Data: 2009-07-31 08:55:04
Temat: Re: Chemia zakochania. Bossski stan. Czy podlega kontroli?
Od: Matb <m...@o...eu>
Pokaż wszystkie nagłówki
Duch napisał(a):
> "Hanka" <c...@g...com> wrote in message
> news:2445f69c-de98-4ffe-8c29-7ea4f9538e3a@w41g2000yq
b.googlegroups.com...
>
> > Czyste prawo zachowania gatunku.
> > Do ktorego tak zwana cywilizowana mysl
> > dorobila monogamie.
> > Zupelnie nienaturalne, wymuszone ramki.
>
> Czasami slyszy sie taka interpretacje,
> ze to wina "ramek cywilizacji"
> ale taka interpretacja wydaje mi sie mocno chybiona.
>
> Dlaczego?
>
> Bo juz z tego konkretnego przykladu widac
> ze tu cywilizacja nie ma nic do rzeczy.
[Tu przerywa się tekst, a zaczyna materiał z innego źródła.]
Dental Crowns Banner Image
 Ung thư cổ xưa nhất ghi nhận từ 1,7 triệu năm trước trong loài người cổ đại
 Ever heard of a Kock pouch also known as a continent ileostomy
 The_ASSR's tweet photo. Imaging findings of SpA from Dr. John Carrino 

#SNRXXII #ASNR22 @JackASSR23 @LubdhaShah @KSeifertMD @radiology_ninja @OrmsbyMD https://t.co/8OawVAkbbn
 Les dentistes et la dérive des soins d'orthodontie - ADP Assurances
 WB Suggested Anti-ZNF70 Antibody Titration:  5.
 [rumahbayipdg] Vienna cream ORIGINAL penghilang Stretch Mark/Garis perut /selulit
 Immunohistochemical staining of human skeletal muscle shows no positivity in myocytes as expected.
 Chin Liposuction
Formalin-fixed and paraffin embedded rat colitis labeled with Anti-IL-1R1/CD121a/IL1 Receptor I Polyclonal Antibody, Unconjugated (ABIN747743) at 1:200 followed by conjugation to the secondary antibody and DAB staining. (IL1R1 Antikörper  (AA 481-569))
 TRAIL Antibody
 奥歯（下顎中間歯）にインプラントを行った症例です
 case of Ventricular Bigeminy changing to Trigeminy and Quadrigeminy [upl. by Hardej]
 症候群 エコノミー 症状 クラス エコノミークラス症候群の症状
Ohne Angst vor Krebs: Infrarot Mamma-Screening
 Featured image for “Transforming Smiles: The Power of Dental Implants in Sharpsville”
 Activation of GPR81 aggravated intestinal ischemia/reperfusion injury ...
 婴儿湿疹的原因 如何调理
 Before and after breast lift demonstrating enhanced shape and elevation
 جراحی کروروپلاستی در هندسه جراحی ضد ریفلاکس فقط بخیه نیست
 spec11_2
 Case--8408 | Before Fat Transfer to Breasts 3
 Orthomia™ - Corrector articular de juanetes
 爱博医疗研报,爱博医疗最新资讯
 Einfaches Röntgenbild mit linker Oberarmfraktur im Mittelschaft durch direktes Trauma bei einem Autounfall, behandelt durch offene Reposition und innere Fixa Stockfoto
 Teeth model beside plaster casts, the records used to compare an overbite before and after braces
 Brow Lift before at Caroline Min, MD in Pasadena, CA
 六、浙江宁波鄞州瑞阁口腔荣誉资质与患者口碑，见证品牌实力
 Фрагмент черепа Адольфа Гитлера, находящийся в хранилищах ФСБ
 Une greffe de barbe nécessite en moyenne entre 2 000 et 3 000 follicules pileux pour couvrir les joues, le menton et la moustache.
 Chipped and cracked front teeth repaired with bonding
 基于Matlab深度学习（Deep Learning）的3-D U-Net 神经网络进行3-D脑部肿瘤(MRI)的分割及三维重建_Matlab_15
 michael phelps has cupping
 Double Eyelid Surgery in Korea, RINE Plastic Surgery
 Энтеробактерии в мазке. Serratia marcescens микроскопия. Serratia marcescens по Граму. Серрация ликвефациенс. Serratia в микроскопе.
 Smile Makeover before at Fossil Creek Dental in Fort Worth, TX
> Kobita ma problem nie z ramkami tylko z _wyborem_.
> Jesli odejdzie z nowym facetem, de facto odejdzie w nieznane,
> straci dotychczasowego, wpedzi w klopoty dziecko, itd. itd.
> Jesli nie odejdzie - poczuje sie zdolowana.
>
> Normy cywilizacyjne nie maja w tej konkretnej sytuacji wplywu.
Myślę, że interpretacja Hanki jest bardzo trafna. Normy, w tym
monogamia, narzucone sa przez kulture.
W naturze człowieka nie leży monogamia, tak stwierdzam.
Wybór o jakim tu mowa dotyczy wyboru ujmując ogólnikowo między prawem
natury a wymogami kulturowymi.
Gdybyśmy żyli bez reguł narzucających monogamie nie byłoby potrzeby
bawić się w wybory.
Nie rozpatruję tu zmiany partnera i wycieczki w nieznane w sensie na
stałe.
Dość niesamowite jest to co się dzieje z mózgiem pod wpływem bliskości
fizycznej odpowiedniej osoby.
Jeszcze ciekawsze poddanie tego kontroli świadomości. Burza hormonów
robi swoje i jest to nieziemsko przyjemne, a Ty weź człowieku odmów
sobie takich uniesień.
Powiedzieć stop zanim zawładnie umysłem chemia? Da się? Wyczujesz, że
ten osobnik może wyzwolić falę uniesień i ominiesz go? Świadomie
odmawiając sobie przyjemności? Tortura normalnie.